ヴァレリオは少し驚いた顔をしてから、すぐに思い直したように微笑んだ。

「そ、そうだね。でもね、君がダンスをしてくれることが、実は僕にとってすごく楽しかったんだ。」

セラフィーナは思わずきょとんとした顔をしてヴァレリオを見つめる。

「楽しかったって…?」

「うん。」ヴァレリオは素直に答えた。「君を支えて、君に教えるのが楽しかったんだ。君が少しでもできるようになって、喜んでくれる姿を見ているのが本当に嬉しかった。」

セラフィーナは少し照れたように口元を緩めたが、すぐに彼が話を続けるのを感じて、また顔を上げた。
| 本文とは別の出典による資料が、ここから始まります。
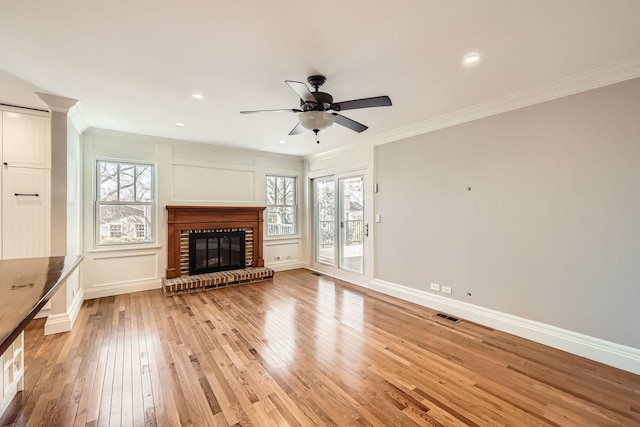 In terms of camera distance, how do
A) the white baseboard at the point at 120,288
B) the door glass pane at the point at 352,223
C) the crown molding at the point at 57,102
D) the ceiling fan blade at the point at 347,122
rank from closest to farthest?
the ceiling fan blade at the point at 347,122 < the crown molding at the point at 57,102 < the white baseboard at the point at 120,288 < the door glass pane at the point at 352,223

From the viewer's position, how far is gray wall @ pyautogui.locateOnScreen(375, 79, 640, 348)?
2.46m

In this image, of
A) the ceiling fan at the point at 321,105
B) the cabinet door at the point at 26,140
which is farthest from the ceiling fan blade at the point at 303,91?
the cabinet door at the point at 26,140

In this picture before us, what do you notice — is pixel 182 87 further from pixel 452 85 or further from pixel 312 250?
pixel 312 250

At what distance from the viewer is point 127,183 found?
4.57 metres

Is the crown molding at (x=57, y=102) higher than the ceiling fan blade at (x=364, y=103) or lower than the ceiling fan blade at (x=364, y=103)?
higher

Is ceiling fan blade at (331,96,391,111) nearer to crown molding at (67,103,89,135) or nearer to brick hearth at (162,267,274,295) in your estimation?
crown molding at (67,103,89,135)

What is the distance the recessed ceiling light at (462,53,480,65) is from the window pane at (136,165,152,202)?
4.82 metres

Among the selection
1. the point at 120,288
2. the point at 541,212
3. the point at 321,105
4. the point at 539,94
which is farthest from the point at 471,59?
the point at 120,288

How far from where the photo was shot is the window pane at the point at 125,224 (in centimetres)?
439

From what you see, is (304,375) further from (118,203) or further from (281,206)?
(281,206)

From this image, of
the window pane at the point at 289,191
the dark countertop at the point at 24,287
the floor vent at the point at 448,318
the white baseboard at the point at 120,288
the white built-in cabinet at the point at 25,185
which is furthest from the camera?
the window pane at the point at 289,191

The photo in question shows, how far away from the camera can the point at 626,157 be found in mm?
2428

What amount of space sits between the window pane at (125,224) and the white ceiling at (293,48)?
180 cm

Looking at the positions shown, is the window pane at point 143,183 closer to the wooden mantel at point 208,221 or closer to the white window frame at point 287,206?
the wooden mantel at point 208,221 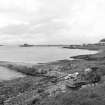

「それにね、お姫様抱っこをしたとき、君を抱えている感触が、僕にはとても特別だった。」ヴァレリオの声は少しだけ真剣に、そして優しく響いた。「君の大切な命を改めて実感したんだ。君の存在が、僕にとってどれだけ大きいものか、あのとき改めて感じてね。」

セラフィーナはその言葉に胸が温かくなり、少しだけ目を伏せた。

「そんなこと…言わないでよ。」

でも、ヴァレリオは真摯な眼差しで彼女を見つめ続けた。

「君が無事でいてくれることが、僕にとってどれだけ幸せなことか、君に伝えたくてたまらないんだ。」

セラフィーナは息を呑んだ。彼の目に浮かぶ真剣な思いを、ただ静かに受け止めることしかできなかった。

「それだけ大切に思ってくれているなんて、私も幸せだよ。」セラフィーナはほんの少し照れくさそうに微笑んだ。「でも、やっぱりダンスは無理だわ。もう少し休みたいな。」

ヴァレリオは少し肩をすくめ、けれどその顔には優しさが満ちていた。

「わかった。無理に踊らせるつもりはないよ。君が笑顔でいてくれるだけで僕は幸せだから。」

セラフィーナはその言葉を聞いて、心が温かくなった。そして、少しだけ不意に言葉を漏らす。

「ありがとう、ヴァレリオ。」

その一言が、何よりも彼の心を温かくした。